Required work: Could you give back exactly the lines below from the one with "Luminous Stones Glow" through the one with "Ledvance E27 LED", without a single picture?

Exercise materials:
○ ○ ○ ○ ○
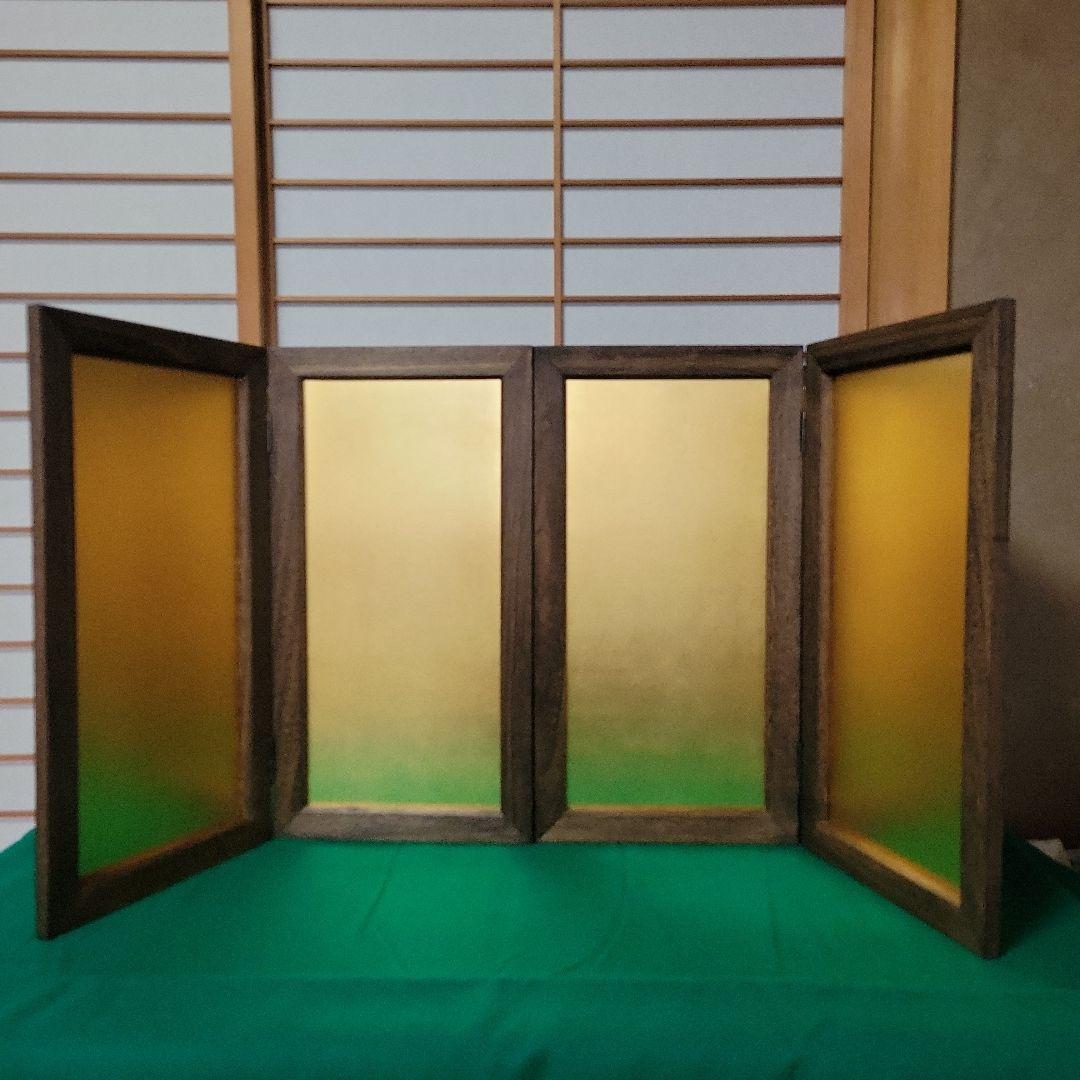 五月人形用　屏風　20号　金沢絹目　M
○ ○ ○ ○ ○
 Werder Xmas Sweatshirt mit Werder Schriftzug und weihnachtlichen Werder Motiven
○ ○ ○ ○ ○
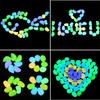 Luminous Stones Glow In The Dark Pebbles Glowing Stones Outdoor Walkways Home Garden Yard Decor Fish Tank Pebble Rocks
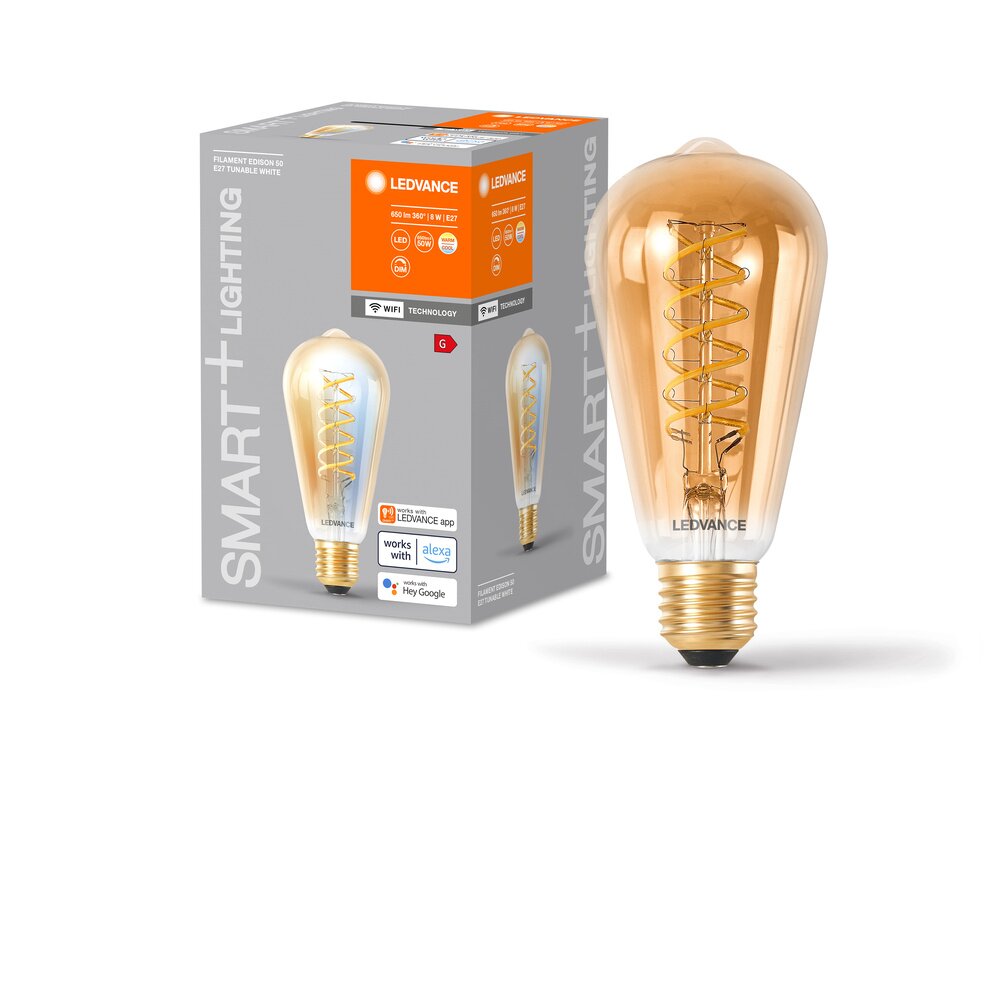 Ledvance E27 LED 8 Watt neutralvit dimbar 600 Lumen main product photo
○ ○ ○ ○ ○
Written solution:
 Luminous Stones Glow In The Dark Pebbles Glowing Stones Outdoor Walkways Home Garden Yard Decor Fish Tank Pebble Rocks
 Ledvance E27 LED 8 Watt neutralvit dimbar 600 Lumen main product photo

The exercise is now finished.